(Third Person).
Far beneath the stone heart of Duskmoor, past unmarked stairways and iron doors that never opened from the outside, lay the truth the city would never speak of:
Section Nine.
The corridor smelled of cold metal, chemicals, and an undertone of raw, feral musk that clung to every wall like a stain.
Fluorescent lights buzzed overhead, pale and harsh, throwing hard-edged shadows onto smooth steel floors.
Here, nothing was accidental.
Nothing was kind.
Beyond the armoured checkpoint, a reinforced passage branched into two: to the left, the surgical theatre, and to the right, the holding cells — deep chambers of stone and steel, built to cage something far stronger than any ordinary prisoner.
And inside those cells, the "specimens" waited.
They weren’t fresh captures.
These were werewolves stolen months back: sedated, chained, and studied until even memory itself had started to fray under the weight of fear and poison.
Yet even now, though weakened, the savage spark in them hadn’t died.
---
~The Holding Wing~
At the end of the hall, a broad-shouldered guard turned his key in a heavy lock. The door to Cell 12 clanged open, its echo rolling down the corridor like a warning.
Inside, a young male werewolf — barely past youth, ribs showing through his skin — raised his head, gold-flecked eyes narrowing.
Dried blood still matted his temple where he had slammed it against the bars, fighting restraint the night before.
A doctor in a sterile white coat stepped in, two assistants following. The doctor’s latex gloves creaked as he flexed his fingers around a thick syringe already filled with a dark red serum.
"Subject 12," he murmured, almost to himself, then cleared his throat. "You know the routine.

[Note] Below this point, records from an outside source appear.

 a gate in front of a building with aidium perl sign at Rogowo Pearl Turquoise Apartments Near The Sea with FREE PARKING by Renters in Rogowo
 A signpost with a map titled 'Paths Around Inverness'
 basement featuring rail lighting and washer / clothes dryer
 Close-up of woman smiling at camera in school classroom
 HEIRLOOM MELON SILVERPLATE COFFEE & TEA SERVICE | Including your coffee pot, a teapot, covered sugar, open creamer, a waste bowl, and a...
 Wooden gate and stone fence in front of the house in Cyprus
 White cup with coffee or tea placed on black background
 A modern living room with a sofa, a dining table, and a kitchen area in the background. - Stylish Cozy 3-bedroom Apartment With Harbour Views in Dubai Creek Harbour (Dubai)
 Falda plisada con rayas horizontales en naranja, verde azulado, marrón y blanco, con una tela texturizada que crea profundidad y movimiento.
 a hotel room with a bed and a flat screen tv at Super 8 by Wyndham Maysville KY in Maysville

Hold still."
The werewolf answered with a low, ragged growl.
The doctor didn’t flinch. Instead, he gave an order. "Begin."
The two assistants moved closer, one carrying a metal rod sparking faintly with electricity, the other holding a small injector of wolfsbane — the lab’s failsafe.

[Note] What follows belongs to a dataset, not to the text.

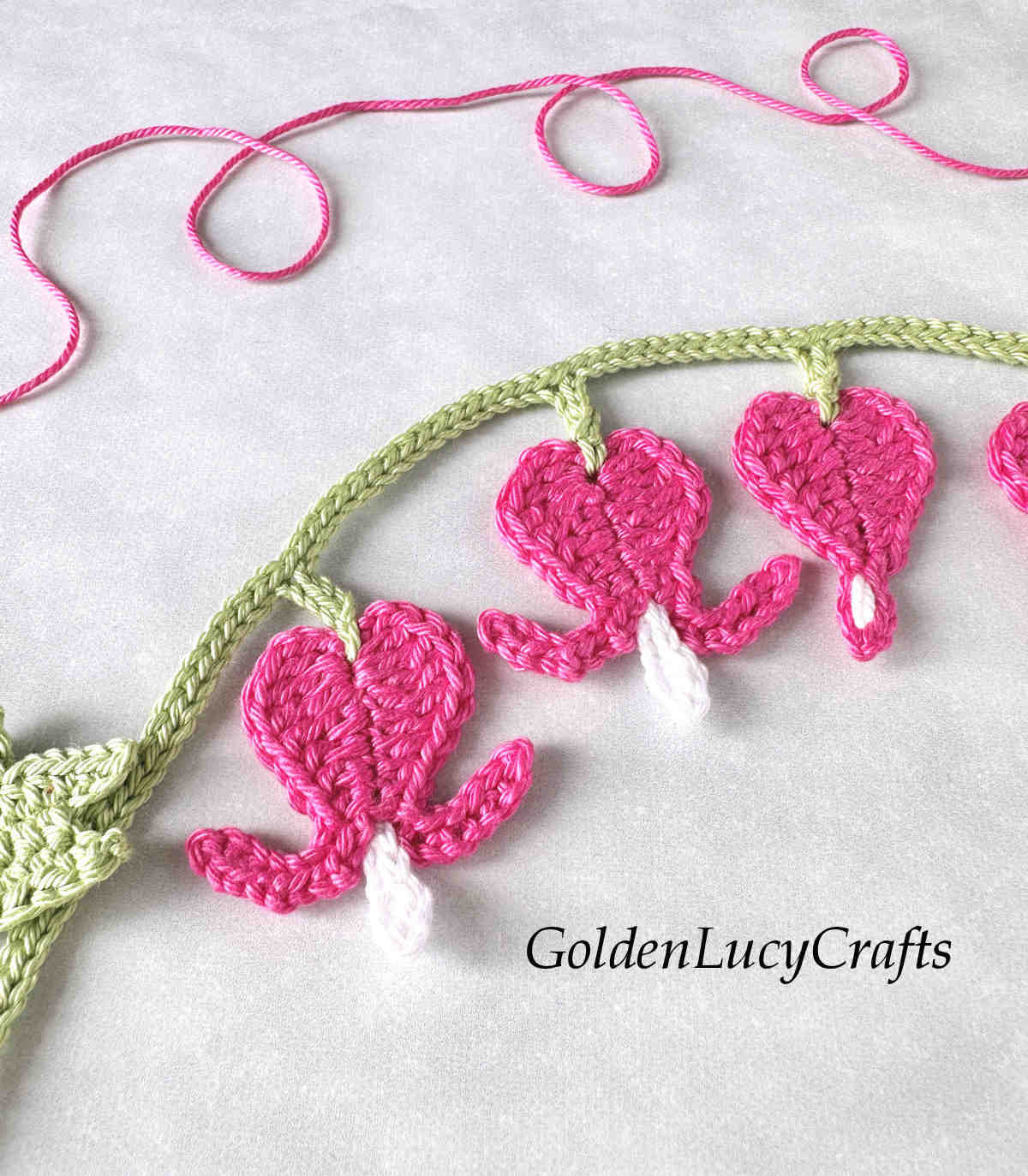 Crochet bleeding heart applique close-up picture.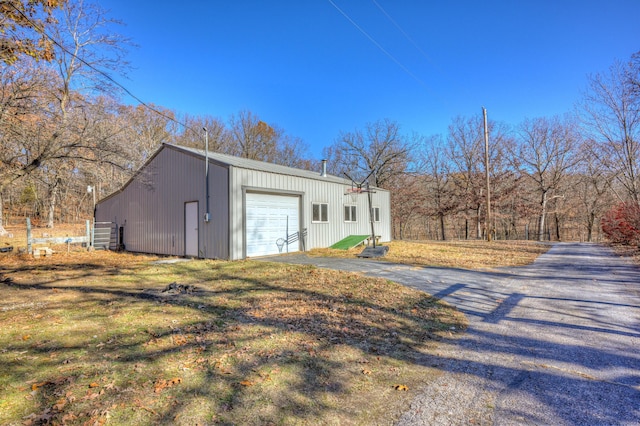 view of outbuilding with a garage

"Easy," one whispered, as if coaxing an animal.
But as the doctor reached for the werewolf’s arm, there was a sudden blur of motion.
A snarl ripped the air, savage and raw. The werewolf lunged forward, chains rattling like a struck bell, fangs bared.
His hand — gnarled with strain — shot forward, claws raking the doctor’s sleeve, tearing cloth and grazing skin.
The doctor cursed, stumbling back, eyes wide.
The assistant on the right reacted first, slamming the metal rod against the werewolf’s ribs. Blue light crackled, and the smell of burned flesh and singed fur filled the small space.
The werewolf howled, the sound low and hoarse, echoing through the corridor.
Still, he didn’t drop.
The other assistant lunged, driving the wolfsbane injector into his thigh.
The werewolf’s gasp almost drowned out the hiss of the liquid as his muscles locked up, seizing against the iron manacles.
Breath rasped from his throat, sharp and broken. His head drooped, but those eyes — hateful and alive—never closed.
Across the hall was the main lab.
Behind observation glass, rows of metal tables glinted under fluorescent light, each fitted with cuffs, straps, and drains in the floor for what leaked out.
A young female werewolf, barely older than a girl, lay strapped to one of the tables. Electrodes marked her temples; a thick leather belt pinned her chest.
A scientist peered into a monitor, voice low.
"Heart rate spiking. Increase sedative, but keep her conscious."
Another scientist adjusted a dial on a humming machine. The girl’s breath came faster, shallow and ragged. Tears leaked sideways down her face, mingling with grime.
The first scientist read from his notes. "Subject 18. Prior exposure to serum batch 4B failed. Attempting batch 5C. Proceed."